The set is pure summer: green countryside, bright archways enveloped in vines, a well that’s there for characters to pine beside. There’s excited talk of a trio of eligible bachelors arriving—Don Pedro, Benedick, Claudio—and Leonato, the wealthy host, welcomes them into his idyllic Mediterranean estate. His daughter Hero and niece Beatrice are there to greet them. That’s where the play usually begins.  

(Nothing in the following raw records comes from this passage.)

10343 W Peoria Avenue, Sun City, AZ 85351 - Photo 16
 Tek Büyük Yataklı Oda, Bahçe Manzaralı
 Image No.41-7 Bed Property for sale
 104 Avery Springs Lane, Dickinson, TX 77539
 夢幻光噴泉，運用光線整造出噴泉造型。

In this adaptation, it starts with Beatrice (Jennifer Lines) speaking directly to the audience, thinking aloud about what a young woman might see in the mirror, maybe while she gets ready to meet a potential suitor. She talks about women perching their breasts on their blouses “like doves”, reflects on the exhausting pressure on women to appear innocent all the time, and on how maybe women don’t think about any of that at all. It’s a great opening, confidently handled by Lines, and made all the better by the presence of Hero, Beatrice’s young cousin, standing on the upper runway, mirroring everything her older relative says in the monologue. The passage, adapted by writer Erin Shields, nestles into the world of the play with playful sharpness.   

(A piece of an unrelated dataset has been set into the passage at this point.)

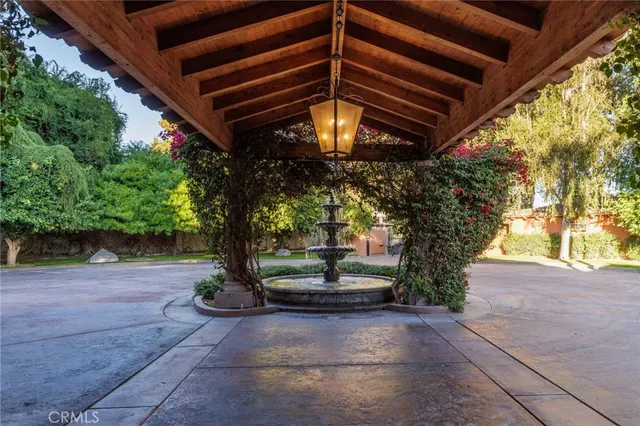 $2,900,000 | 41511 Bob Hope Drive, Rancho Mirage, CA 92270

From that modernized prologue on, Beatrice draws focus with her quick wit and self-assurance. While the young couple of Hero and Claudio fall fast, she and Benedick circle each other warily. There’s trickery, a fake death, and a wedding or two before all is said and done.

 

Jennifer Tong and Angus Yam in Bard on the Beach’s Much Ado About Nothing. Photo by Tim Matheson

 

Lines slips into the character's firecracker timing with great ease. Her big moment, later in the play—“O that I were a man for his sake!”—spills out with convincing vulnerability. The character’s softness also shows around Hero, who she protects, and that tenderness helps explain why she’s so guarded elsewhere.

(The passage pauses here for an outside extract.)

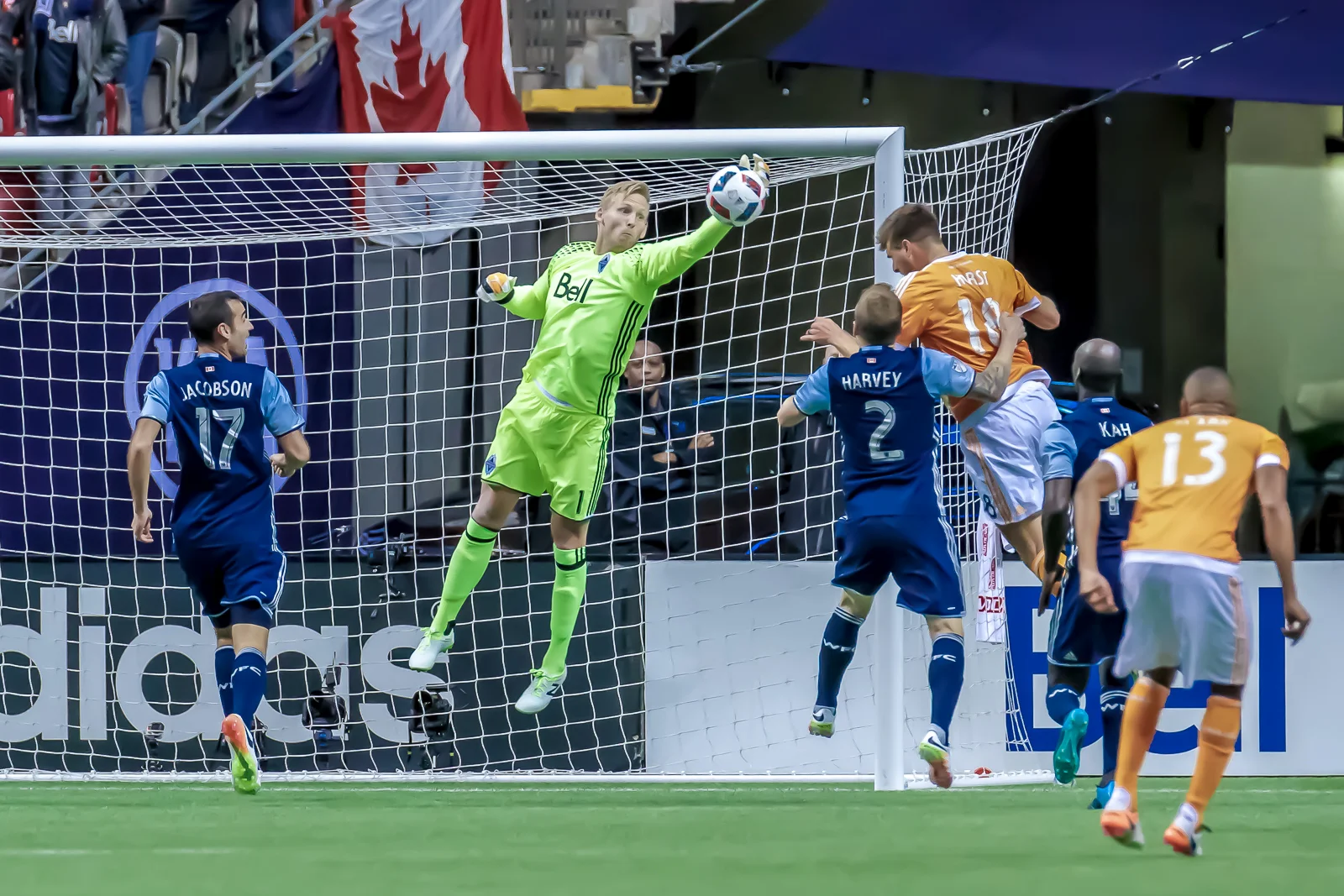 Dubious penalty earns Vancouver Whitecaps 1-0 victory over Houston Dynamo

The wilful Benedick (Sheldon Elter) meets her with the kind of posturing that’s ready to crumble. Elter leans into his comedic chops, playing him like a man-child, all puffed-up bravado and wounded pride. Some of the biggest laughs in the show come from the way he throws his whole body into lovestruck disbelief, like he can’t believe it’s happening to him either. Elter has the range to make the character’s vulnerability feel grounded during the more serious moments, though it’s in the comedy that he really shines.  

The romantic payoff isn’t entirely convincing, but that’s okay. This version makes space for the mismatch. Their stakes aren’t equal, even if they verbally spar like they are. It’s not a sweeping love story and ends up being more of a negotiation, but that feels more honest with the overall tone of the show. 

The rest of the ensemble does a solid job as well. Angus Yam gives a strong performance in the thankless role of Claudio. He plays him as all youthful angst, very easily swayed by the other men and dangerous in his power. Hero is handled sensibly by Jennifer Tong, who brings spark to a character often left silent. She’s lively and naive at first, and by the end, there’s a version of Hero with a little more say.  

Karthik Kadam’s Don John is a pretty fun-to-watch, plain-dealing villain who doesn’t have to scheme much for the men in the play to turn against the women. He breaks the fourth wall here and there, reminding us that this is still a comedy.  

Design-wise, this Much Ado About Nothing is all pretty straightforward and makes sure that the emotional baseline remains joy—people laughing, flirting, and eating grapes under the sun. Flamenco music shows up during an entertaining masquerade-ball sequence, even though the play is set in Italy. It’s not a big deal—romantic, soft guitar strums are a recurring theme anyway.

By the end, the wrongs are righted, the masks come off, and everyone’s more or less happy. The adaptation's minor edits leave something lingering in the air, and the classic comedy of gendered games breathes easier because of it.